• [TASK TO COMPLETE]
The answer must consist only of the lines from the line with "Ringke puzdro Onyx" to the line with "Amira Adeeb feet photo 16", both included, exactly as they stand below.

DATA FOR ANALYSIS Block Start

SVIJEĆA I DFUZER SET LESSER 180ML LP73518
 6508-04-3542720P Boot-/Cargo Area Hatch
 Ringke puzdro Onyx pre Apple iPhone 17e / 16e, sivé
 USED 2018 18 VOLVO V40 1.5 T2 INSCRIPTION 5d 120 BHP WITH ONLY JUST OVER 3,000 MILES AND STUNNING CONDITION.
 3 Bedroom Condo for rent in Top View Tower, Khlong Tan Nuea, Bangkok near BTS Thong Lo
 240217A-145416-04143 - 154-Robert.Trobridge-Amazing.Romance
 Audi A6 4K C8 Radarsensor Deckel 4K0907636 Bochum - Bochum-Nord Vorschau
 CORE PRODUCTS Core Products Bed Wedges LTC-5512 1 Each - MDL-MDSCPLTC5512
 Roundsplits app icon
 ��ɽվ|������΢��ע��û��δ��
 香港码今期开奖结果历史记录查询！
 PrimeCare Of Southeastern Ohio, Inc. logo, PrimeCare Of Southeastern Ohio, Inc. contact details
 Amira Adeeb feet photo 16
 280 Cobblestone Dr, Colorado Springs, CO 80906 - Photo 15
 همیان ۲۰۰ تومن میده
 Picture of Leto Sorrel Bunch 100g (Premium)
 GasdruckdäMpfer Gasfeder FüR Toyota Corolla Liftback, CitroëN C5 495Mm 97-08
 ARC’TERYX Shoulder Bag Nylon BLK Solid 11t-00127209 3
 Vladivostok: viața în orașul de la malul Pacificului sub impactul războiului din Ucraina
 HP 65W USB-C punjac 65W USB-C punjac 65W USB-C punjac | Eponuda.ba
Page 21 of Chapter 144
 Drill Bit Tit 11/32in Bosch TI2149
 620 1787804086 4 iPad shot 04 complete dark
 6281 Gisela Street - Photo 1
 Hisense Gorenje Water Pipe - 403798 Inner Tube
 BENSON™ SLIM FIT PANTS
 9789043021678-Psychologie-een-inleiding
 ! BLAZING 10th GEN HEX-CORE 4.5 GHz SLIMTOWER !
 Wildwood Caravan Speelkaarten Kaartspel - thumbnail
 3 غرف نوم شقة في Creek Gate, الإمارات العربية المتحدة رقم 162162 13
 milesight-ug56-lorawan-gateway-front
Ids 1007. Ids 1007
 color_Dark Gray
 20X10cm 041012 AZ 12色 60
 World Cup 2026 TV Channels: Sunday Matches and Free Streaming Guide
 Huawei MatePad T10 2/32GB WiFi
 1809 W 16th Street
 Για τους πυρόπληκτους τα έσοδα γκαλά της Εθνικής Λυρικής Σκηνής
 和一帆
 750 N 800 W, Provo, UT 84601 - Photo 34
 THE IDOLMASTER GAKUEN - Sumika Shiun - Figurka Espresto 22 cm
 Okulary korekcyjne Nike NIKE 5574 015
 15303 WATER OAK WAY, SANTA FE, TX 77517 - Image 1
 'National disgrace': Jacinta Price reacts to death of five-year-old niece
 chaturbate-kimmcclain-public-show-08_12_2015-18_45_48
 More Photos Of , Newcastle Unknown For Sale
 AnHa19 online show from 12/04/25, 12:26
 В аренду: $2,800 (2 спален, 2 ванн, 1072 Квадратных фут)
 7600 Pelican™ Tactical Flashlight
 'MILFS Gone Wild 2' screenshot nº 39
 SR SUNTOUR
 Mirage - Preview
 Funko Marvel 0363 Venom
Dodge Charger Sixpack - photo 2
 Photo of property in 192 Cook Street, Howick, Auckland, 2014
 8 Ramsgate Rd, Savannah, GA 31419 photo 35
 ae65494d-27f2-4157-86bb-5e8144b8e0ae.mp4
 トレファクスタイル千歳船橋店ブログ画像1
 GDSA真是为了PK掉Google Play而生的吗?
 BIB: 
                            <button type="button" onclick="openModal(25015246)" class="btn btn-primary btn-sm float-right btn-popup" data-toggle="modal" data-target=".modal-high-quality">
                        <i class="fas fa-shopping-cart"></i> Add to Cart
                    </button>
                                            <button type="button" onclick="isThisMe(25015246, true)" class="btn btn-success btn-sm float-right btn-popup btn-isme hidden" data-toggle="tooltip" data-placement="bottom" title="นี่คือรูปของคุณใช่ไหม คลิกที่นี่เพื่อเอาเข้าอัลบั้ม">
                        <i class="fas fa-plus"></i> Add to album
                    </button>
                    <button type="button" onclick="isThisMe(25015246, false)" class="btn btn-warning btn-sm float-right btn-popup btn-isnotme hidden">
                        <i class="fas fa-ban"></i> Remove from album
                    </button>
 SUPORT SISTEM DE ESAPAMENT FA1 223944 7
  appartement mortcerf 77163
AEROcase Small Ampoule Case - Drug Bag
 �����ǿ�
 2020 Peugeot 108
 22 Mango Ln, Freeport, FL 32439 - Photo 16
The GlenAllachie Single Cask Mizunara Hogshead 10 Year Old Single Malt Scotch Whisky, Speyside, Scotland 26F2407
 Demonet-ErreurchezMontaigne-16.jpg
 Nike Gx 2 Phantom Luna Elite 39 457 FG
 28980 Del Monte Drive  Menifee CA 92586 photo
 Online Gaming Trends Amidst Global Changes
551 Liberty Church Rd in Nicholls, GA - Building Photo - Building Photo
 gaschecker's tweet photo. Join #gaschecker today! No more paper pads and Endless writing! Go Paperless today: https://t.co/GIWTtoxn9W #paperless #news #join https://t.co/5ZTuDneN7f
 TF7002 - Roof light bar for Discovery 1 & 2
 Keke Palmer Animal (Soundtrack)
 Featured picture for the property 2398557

DATA FOR ANALYSIS Block End

• [YOUR SOLUTION]
 Ringke puzdro Onyx pre Apple iPhone 17e / 16e, sivé
 USED 2018 18 VOLVO V40 1.5 T2 INSCRIPTION 5d 120 BHP WITH ONLY JUST OVER 3,000 MILES AND STUNNING CONDITION.
 3 Bedroom Condo for rent in Top View Tower, Khlong Tan Nuea, Bangkok near BTS Thong Lo
 240217A-145416-04143 - 154-Robert.Trobridge-Amazing.Romance
 Audi A6 4K C8 Radarsensor Deckel 4K0907636 Bochum - Bochum-Nord Vorschau
 CORE PRODUCTS Core Products Bed Wedges LTC-5512 1 Each - MDL-MDSCPLTC5512
 Roundsplits app icon
 ��ɽվ|������΢��ע��û��δ��
 香港码今期开奖结果历史记录查询！
 PrimeCare Of Southeastern Ohio, Inc. logo, PrimeCare Of Southeastern Ohio, Inc. contact details
 Amira Adeeb feet photo 16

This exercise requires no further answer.